## [What you are asked to do]
An exact copy is needed of the lines from the one that contains "LOUIS VUITTON Vachetta" through the final line of the data below, with pictures left out.

## [Captioned web image data]
*-*-*

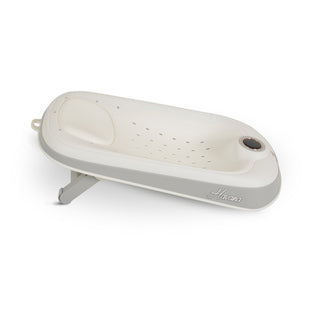 Asiento reductor con termómetro Havana blanco - Kokolindo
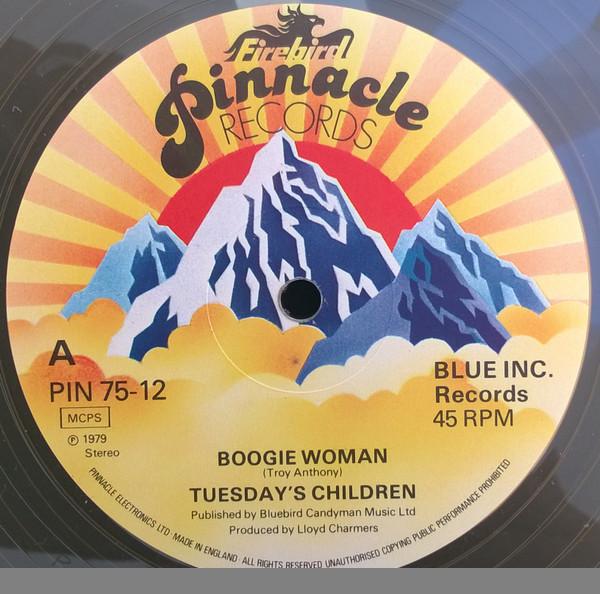 Tuesday's Children (2) - Boogie Woman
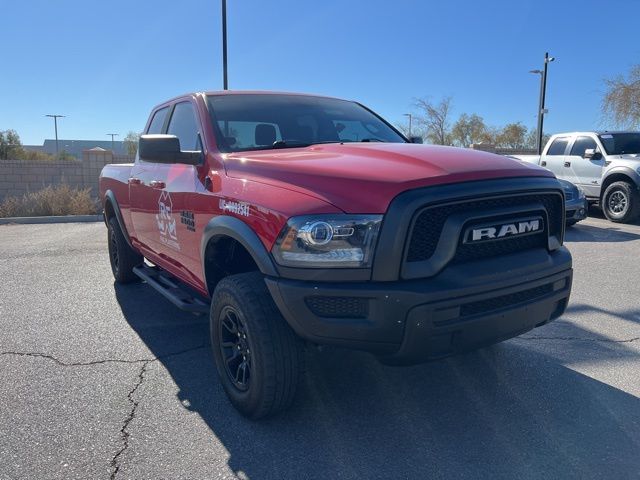 2022 Ram 1500 Classic Warlock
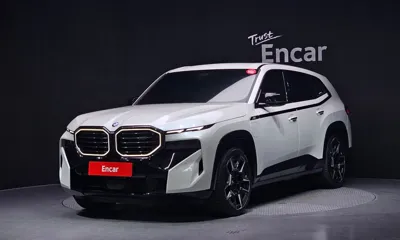 BMW XM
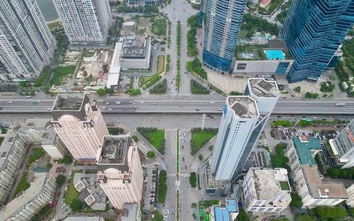 Hà Nội sắp làm hầm chui 6 làn xe tại nút giao Dương Đình Nghệ - Vành đai 3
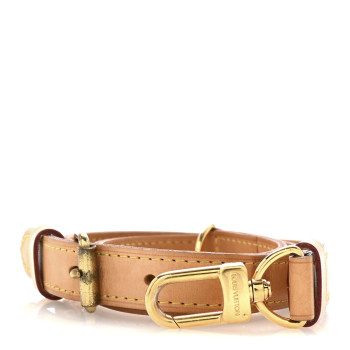 LOUIS VUITTON Vachetta Adjustable Speedy Bandouliere Shoulder Strap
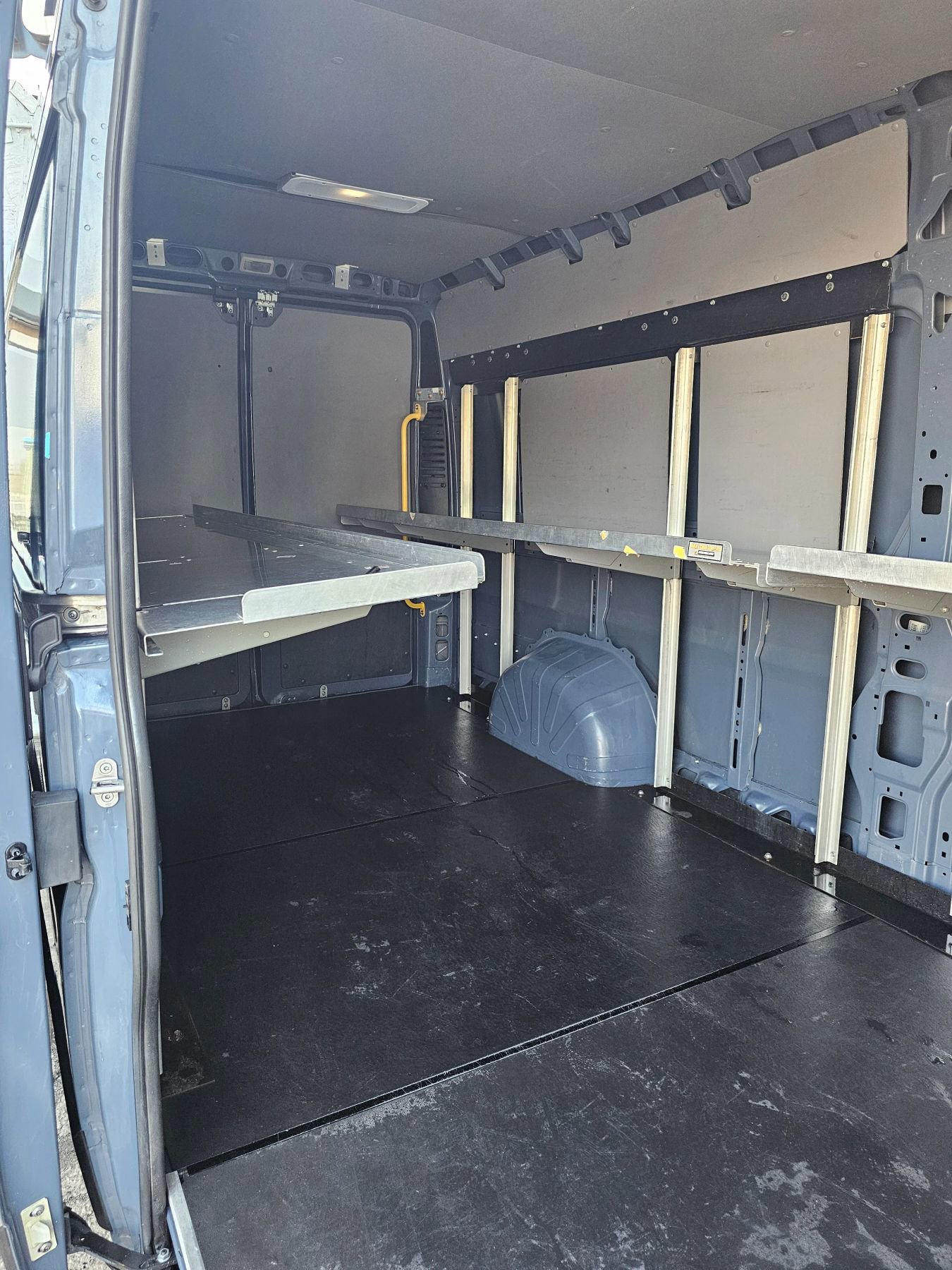 Used 2020 RAM ProMaster 3500 FWD image 14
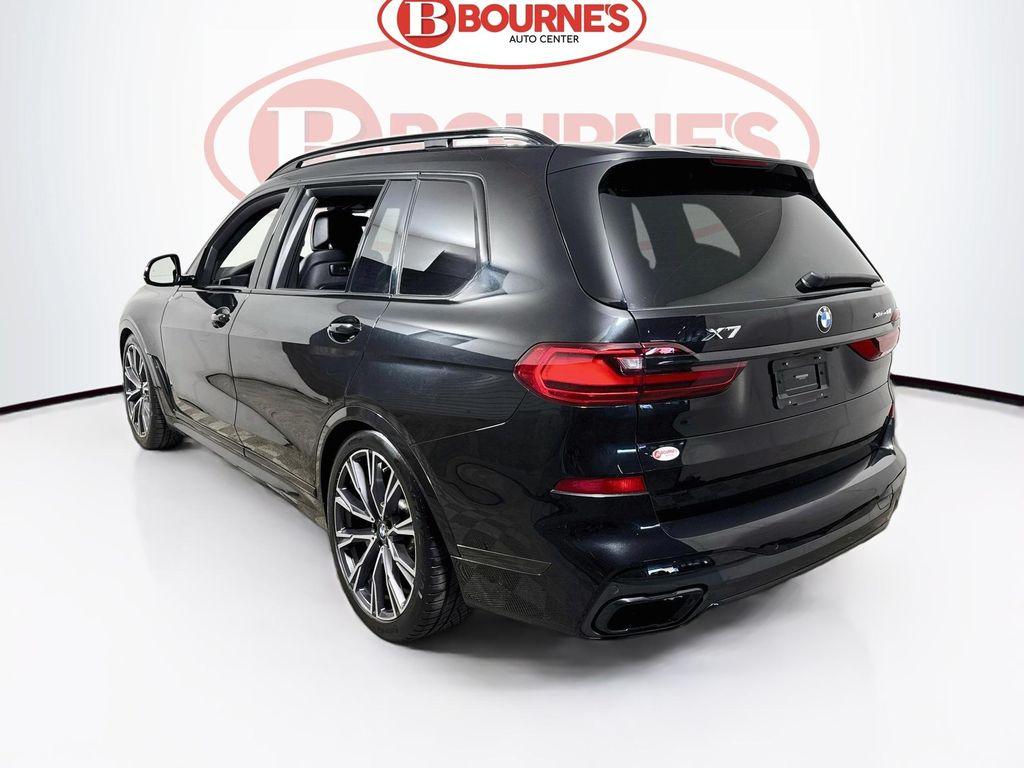 used 2019 BMW X7 car, priced at $35,990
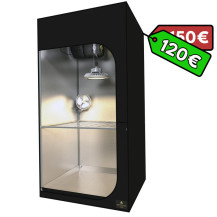 GROW BOX Secret Jardin Dark Street 60 x 60 x 158 cm, R4.00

*-*-*

## [Solution below]
 LOUIS VUITTON Vachetta Adjustable Speedy Bandouliere Shoulder Strap
 Used 2020 RAM ProMaster 3500 FWD image 14
 used 2019 BMW X7 car, priced at $35,990
 GROW BOX Secret Jardin Dark Street 60 x 60 x 158 cm, R4.00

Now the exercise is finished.